El Purgatorio fue toda la semana previa escuchando “Medusa”, un buen disco pero que, así como viene sucediendo en sus últimas producciones, me dejó sabor a poco en la boca. Soy gran fan de la banda, conociéndolos en sus bastardas épocas de “One Second” y “Host”, pero luego aprendiendo a apreciar todo su legado con “Icon”, “Draconian Times” y obviamente “Gothic”, el disco que inauguró un sub-género por sí mismo. Ese Purgatorio pareció extenderse cuando el set abrió con “From the Gallows”, de su reciente lanzamiento. Un tema algo soso, demasiado autoreferencial a sus primeras épocas pero sin la frescura correspondiente. Todo ese prejuicio se fue al tacho cuando acto seguido clavaron “Gothic” (el tema), “One Second” y “Erased”. Una gemita de cada época de esta camaleónica banda. Y a pesar que hace dos décadas sufro de placer con cada punteo de “Gregorio” MacKintosh, recién ahí entendí de qué la va Paradise Lost. Es un rejunte de reinvenciones constantes, de toqueteos y retoqueteos con otros sonidos sin por ello perder su esencia, eso que tanto le costó a Lars Ulrich y compañía.

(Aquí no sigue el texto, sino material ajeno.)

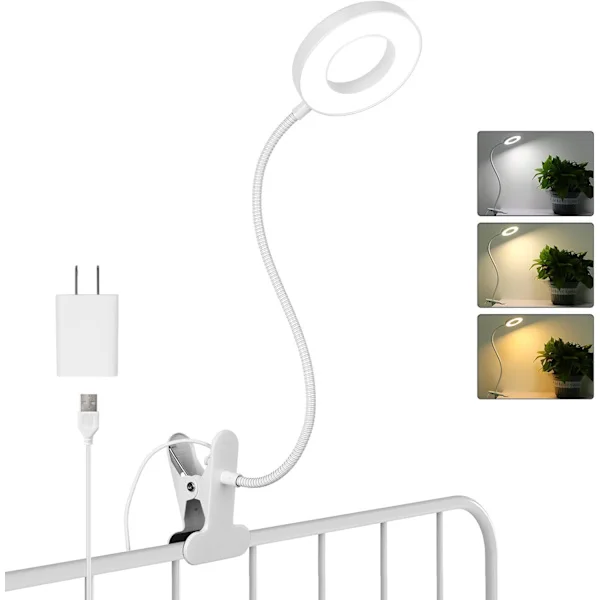 Bordklemme Lampe til Læsning Hjemmekontor, Lysstyrke 3 Tilstande, Klemmelampe til Sengegavl, Håndværk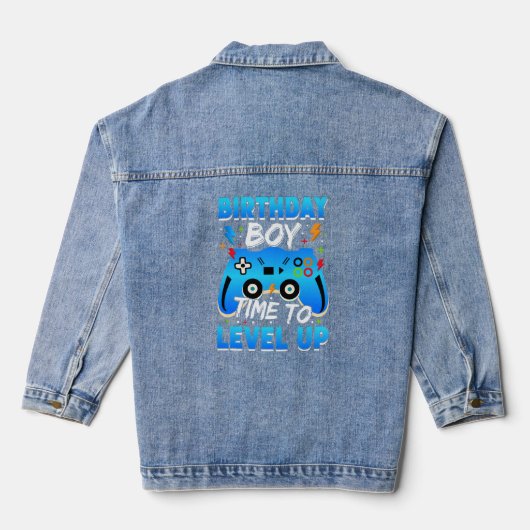 Level Up Birthday Boy Video Game Jeansjacke (Rückseite)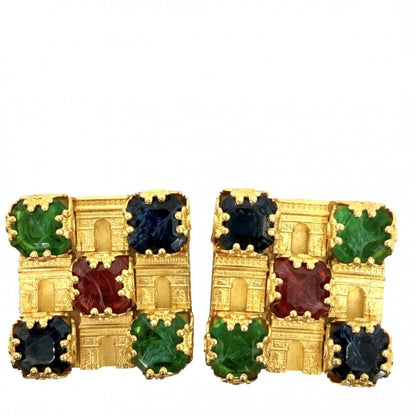Celine Earrings Arc de Triomphe Square Vintage Stone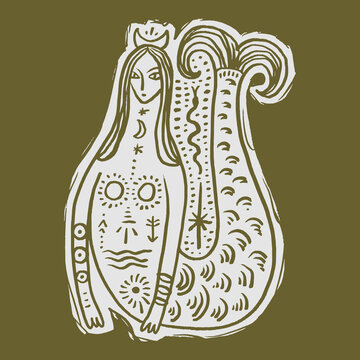 Linocut style illustration minimalist mermaid goddess, traditional folk art aesthetics, modern line work linocut engraving vector clipart. Perfect for mystical decor, nautical folklore books and more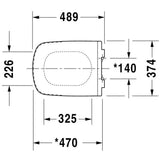 Abattant WC Grohe, blanc, avec schéma technique et dimensions détaillées.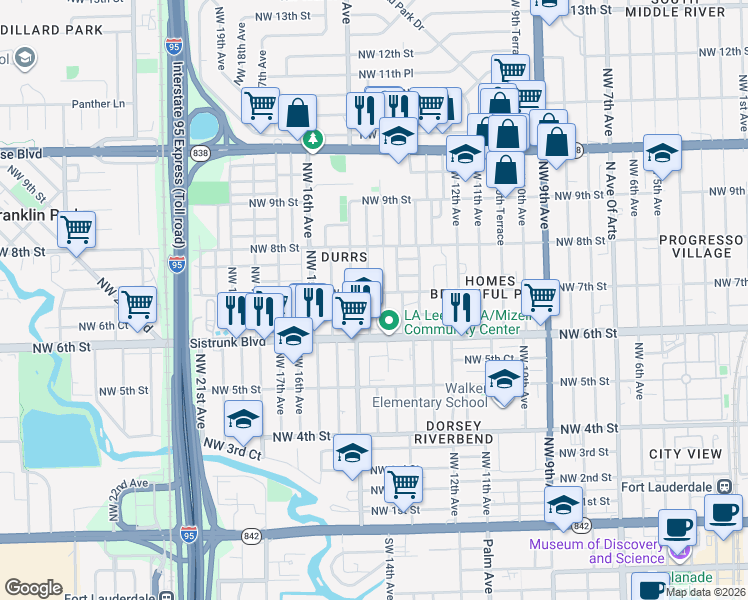 map of restaurants, bars, coffee shops, grocery stores, and more near 715 Northwest 14th Way in Fort Lauderdale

Sabedores que su discografía refleja eso mismo, fueron como un tren gótico parando en cada estación sin temor a descarrilar. Así llegaron a “Enchantment” del majestuoso “Draconian Times” (faltó más de ése disco, amigos) y a “Requiem” del disco homónino, que fue una supuesta vuelta a unas raíces que nunca abandonaron. Siguiendo la ferroviaria metáfora, el andar está asegurado cuando tenés rieles como el guitarrista Aaron Aedy y el bajista Steve Edmonson, sin lucirse son las bases del edificio donde brilla Gregorio (con look a lo Iorio esta vez) y ese “tragic rock-idol” que es Nick Holmes, capaz de tirar chiste tras chiste sin dejar conocer ni uno de sus dientes.

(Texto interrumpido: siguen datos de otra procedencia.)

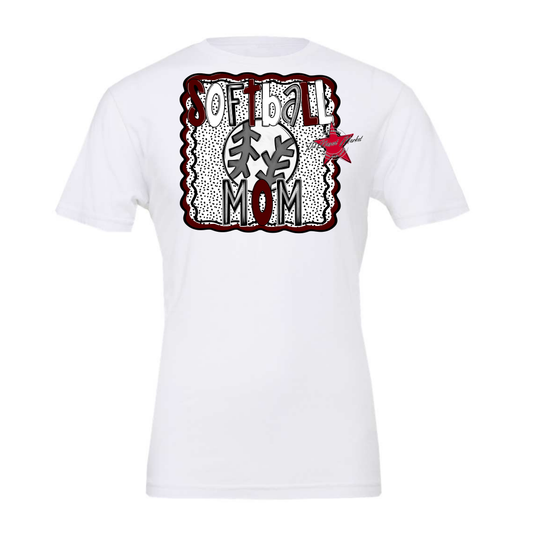 Softball Mom Dot Designn-Maroon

Debo admitir que el set list decayó luego con las posteriores canciones, más ligadas al siglo XXI de la banda. Por suerte “Blood and Chaos”, LA gema de su último disco, cayó para mostrarnos que siguen con ases bajo la manga y encima después con ése mega-hit gótico (¿existe eso?) que es “As I Die”. Poco más quedó luego, con unos bises que no estuvieron a la altura de semejante banda, hecho que afirmo solamente desde el rencor de no haber escuchado “Halloweed Land”. Cerraron con “Say Just Words” y bailotamos todos con ésa amarga felicidad que solo uno de los padres del Ghotic-Metal puede dar. Y en los tiempos que corren, ése es suficiente Paraíso.